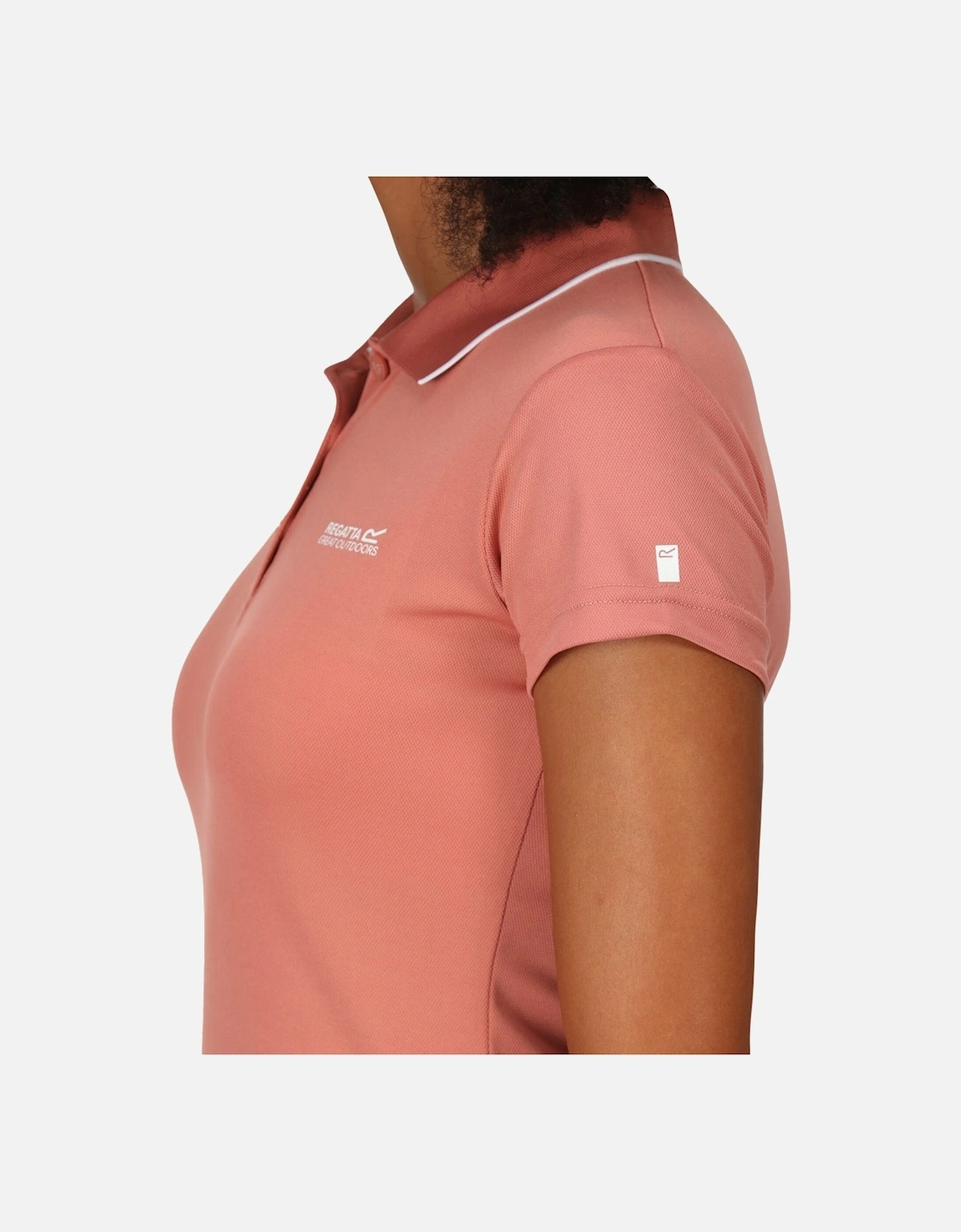 Womens/Ladies Maverick V Polo Shirt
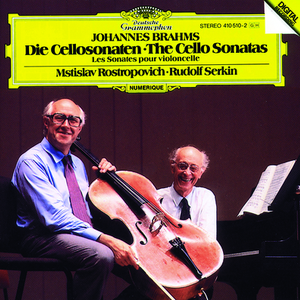 Sonata For Cello And Piano No.1 In E Minor Op.38:3. Allegro - Più presto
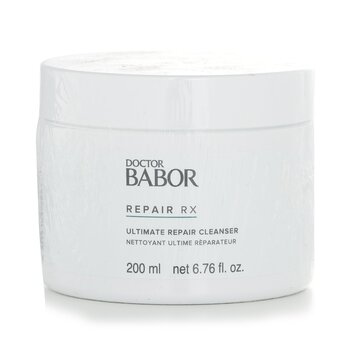 بابور غسول مثالي مرمم Doctor Babor Repair Rx (مستحضر صالون) 200ml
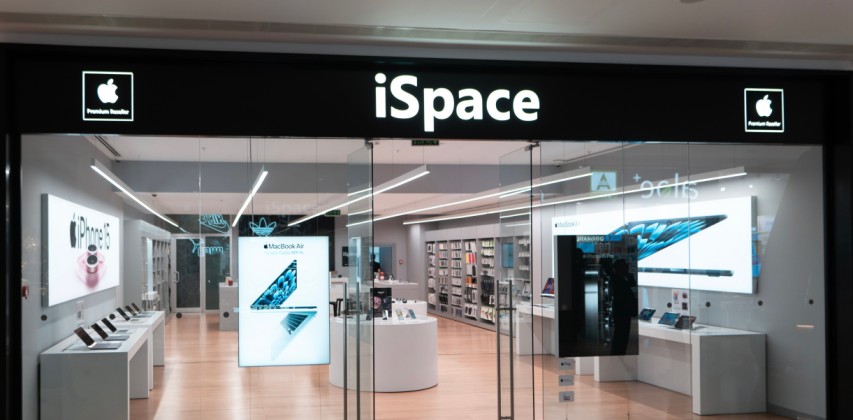 iSpace | Apple Premium Reseller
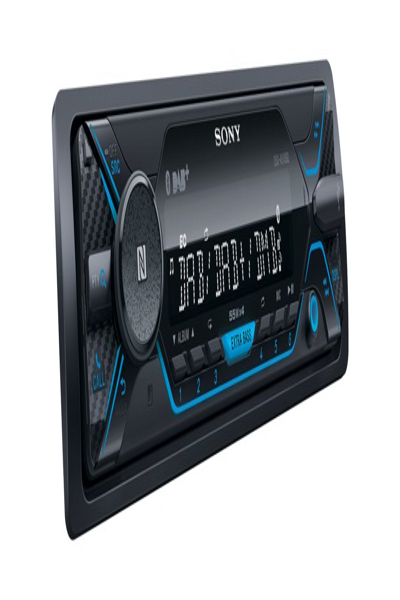 Sony DSX-A510BD Car Receiver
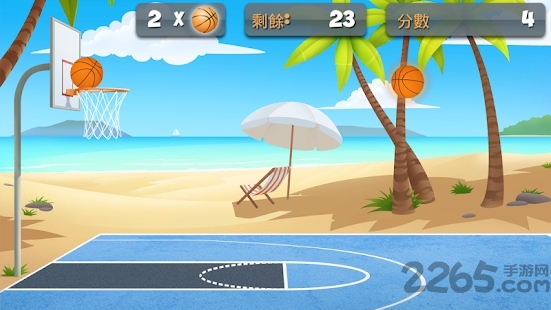 篮球投篮王手游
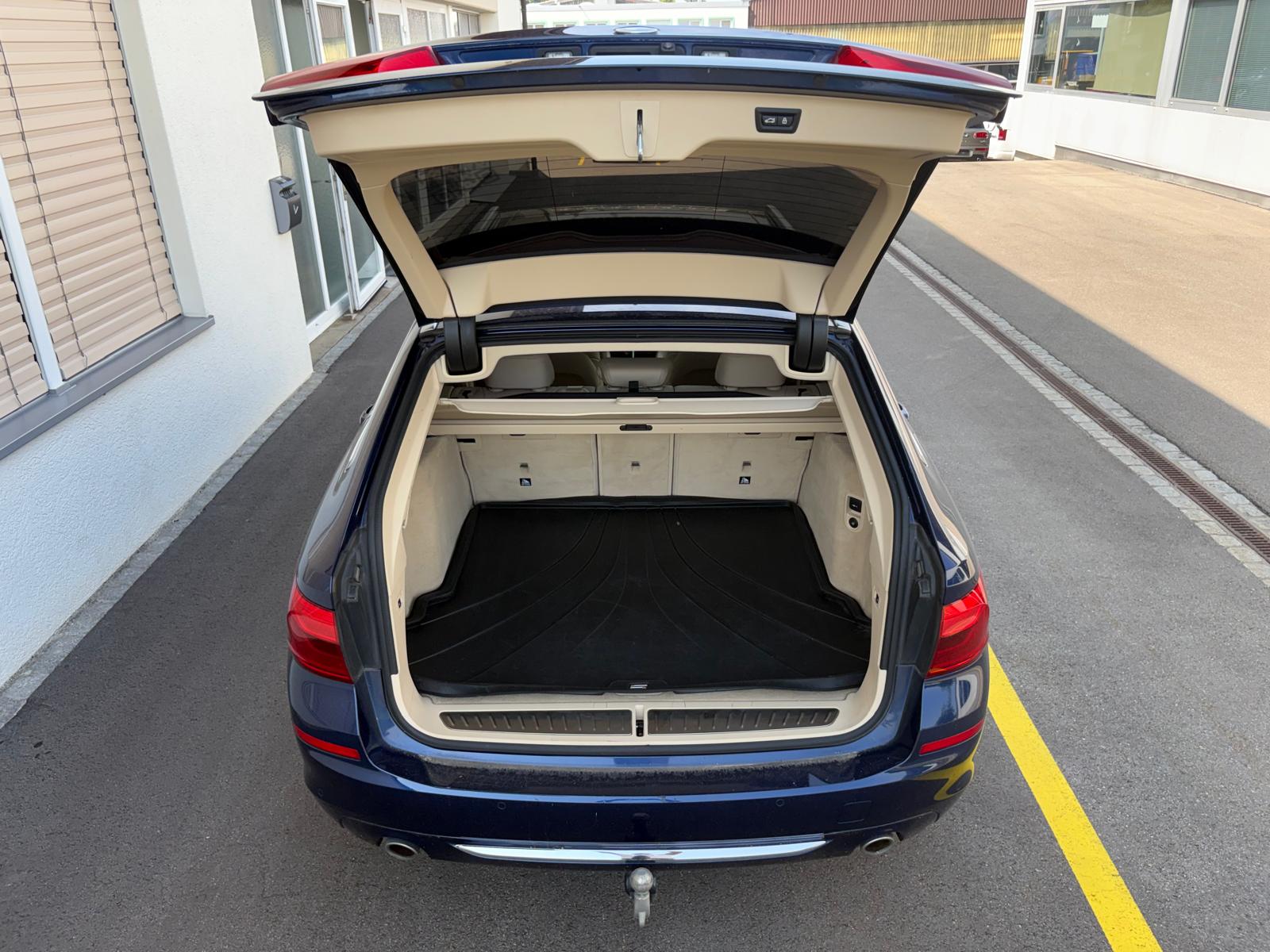 BMW 520d xDrive Touring Luxury Line Steptronic MFK 07.2026-image-13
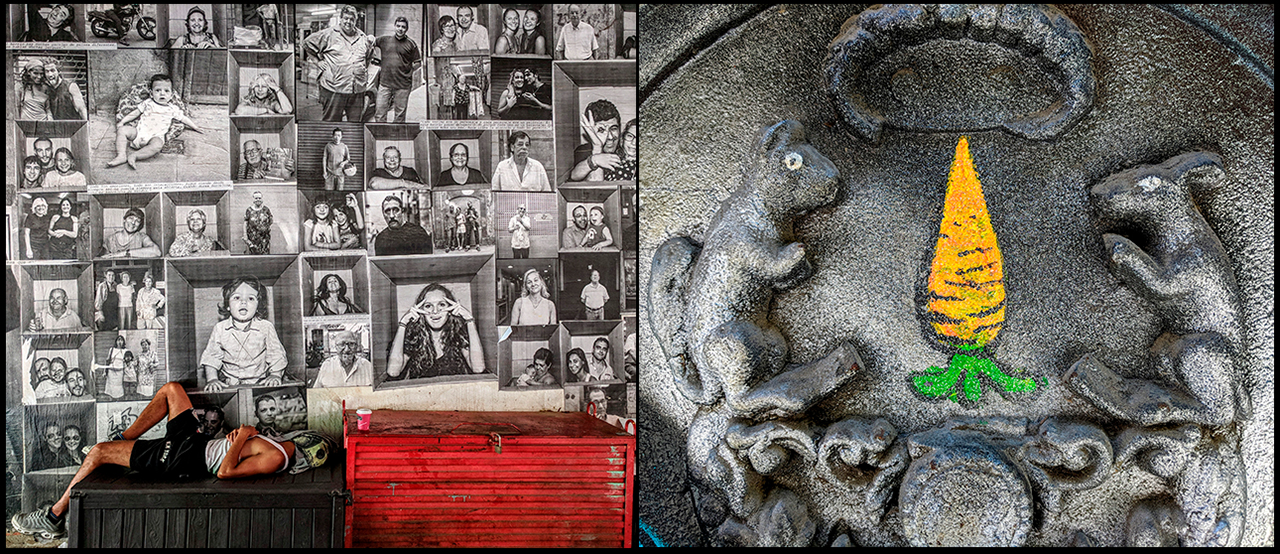 ¿Cámara o móvil? Móvil 1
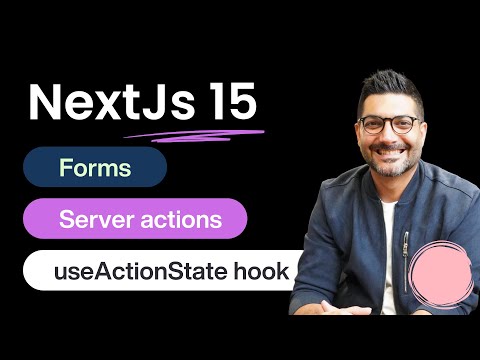 Building robust forms in NextJs 15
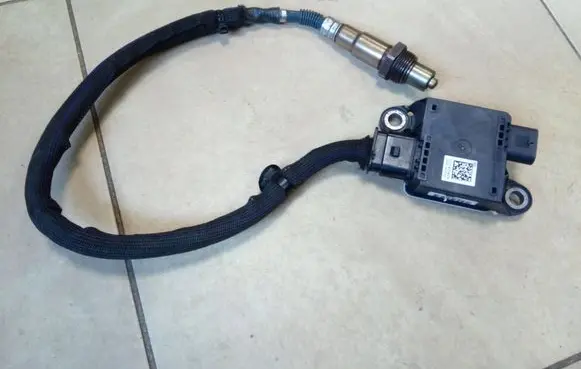 Lambda probe sensor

* **EXERCISE DETAILS**: Please return all of the entries word for word, excluding the pictures.

* **PROBLEM SOLUTION**:
 Womens/Ladies Maverick V Polo Shirt
 Sonata For Cello And Piano No.1 In E Minor Op.38:3. Allegro - Più presto
 بابور غسول مثالي مرمم Doctor Babor Repair Rx (مستحضر صالون) 200ml
 iSpace | Apple Premium Reseller
 Sony DSX-A510BD Car Receiver
 篮球投篮王手游
 BMW 520d xDrive Touring Luxury Line Steptronic MFK 07.2026-image-13
 ¿Cámara o móvil? Móvil 1
 Building robust forms in NextJs 15
 Lambda probe sensor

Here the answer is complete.